The peaks represent the regions of maximum compression, i.e., they represent the highest density and pressure.

The bottom-most points of the valleys represent the regions of minimum, compression or maximum rarefaction, i.e., they represent the lowest density and pressure.

### Wavelength:

The distance between any two consecutive compressions or rarefactions is called the wavelength.

The wavelength of a wave is denoted by a Greek letter “λ” called lambda.

The SI unit of measurement of wavelength is meter (m).

When a sound wave propagates through a medium the density of a medium oscillates between a maximum and a minimum value. This change in density or pressure from its maximum value to its minimum value and again to its maximum value makes one complete oscillation.

### Frequency:

The propagation of a sound wave is characterized by the motion of alternate compressions and rarefactions, i.e., crests and troughs. The number of compressions or rarefactions that cross a particular point in a unit of time is called the frequency of the wave. The frequency of a wave is denoted by a Greek letter “ν” called “nu” and is measured in the SI unit of hertz (Hz).

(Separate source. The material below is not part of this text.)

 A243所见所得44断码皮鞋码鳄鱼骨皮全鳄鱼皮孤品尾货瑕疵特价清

The parts of a wave which can be referred to as one complete oscillation are shown by a red dashed box in each picture.

Any of these can be referred to as a complete oscillation.

Time period:

The time taken by a wave to complete one oscillation is called its time period. In other words, the time taken by two consecutive compressions or rarefactions to cross a fixed point is called the time period. It is denoted by the letter T  and is measured in the SI units of seconds.

The frequency and time period are related by the following formula.

ν = 1/T

This formula can be used to calculate the frequency of a sound wave when its time period is given and vice versa.

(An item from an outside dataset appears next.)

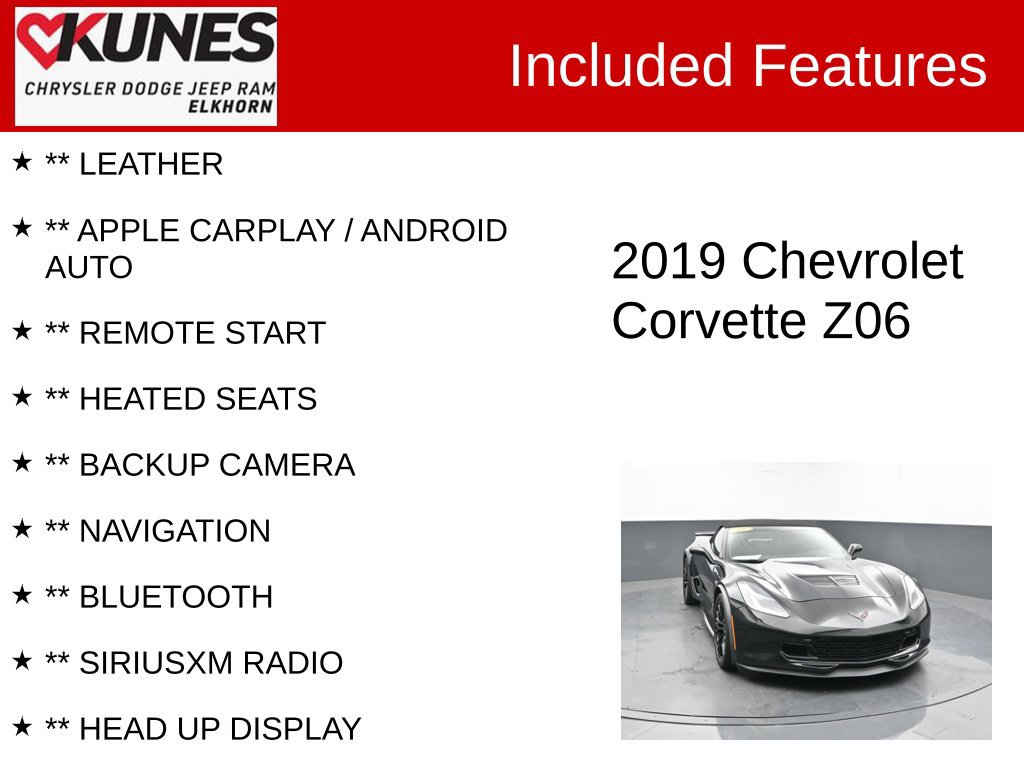 Used 2019 Chevrolet Corvette Z06 RWD image 2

Speed of a wave = (Wavelength)/(Time Period)

Speed of a wave – V =  λ/( T)

Speed of a wave = Frequency ×Wavelength

V  = f × λ

The speed of the wave produced in a medium remains constant, although the frequency and wavelength change. If the frequency increases the wavelength decreases.

When a pebble is dropped into a pond, the water wave that is produced carries a certain amount of energy. As the wave spreads to other parts of the pond, the energy likewise moves across the pond. Thus, the wave transfers energy from one place in the pond to another while the water remains in essentially the same place.

The rate of energy transfer depends on the amplitude of the wave. The greater the amplitude, the more energy a wave carries in a given time interval.

Energy transfer

∝∝

Square of the amplitude

Ex: when the amplitude has doubled the energy it carries in a given time interval increases by a factor of four.

Question:1

Is the amplitude of the waves increasing or decreasing along the red arrow shown?

Is the frequency of the waves increasing or decreasing along the red arrow shown?

The amplitude of the waves is decreasing along the direction shown by the red arrow. The frequency of the waves is the same along the red arrow.

Question:2

Calculate the frequency of a sound wave whose time period is 0.002 s.

Time period = 0.002 s

The frequency is given by, ν = 1/T

Therefore, frequency = 1/0.002

frequency = 2000 Hz

Question:3

Calculate the time period of the sound wave whose frequency is 100 Hz.

Frequency = 100 Hz

The frequency is given by, ν = 1/T

Thus, the time period is given by, T = 1/ν

Therefore, time period = 1/100

time period = 0.01 s

The following figure shows the relation between longitudinal and transverse waves:

### Summary

• In longitudinal waves, the medium particles vibrate parallel to the direction of propagation of the waves. In longitudinal waves, compressions, and rarefactions are generated.

• In transverse waves, the medium particles vibrate perpendicular to the direction of propagation of the waves. In transverse waves Crests (hills) and Troughs (valleys) are generated.

• Amplitude- It is the maximum displacement of the wave from its mean position.

• Frequency- It is the number of vibrations in 1 second. It is denoted by f or v. Its unit is Hertz (Hz).

• Wavelength (λ) – It is the distance covered in one vibration or it is the distance between two compressions or rarefactions. Its unit is meter (m).

• Time Period (T) – It is the time required to complete one vibration. Its unit is sec.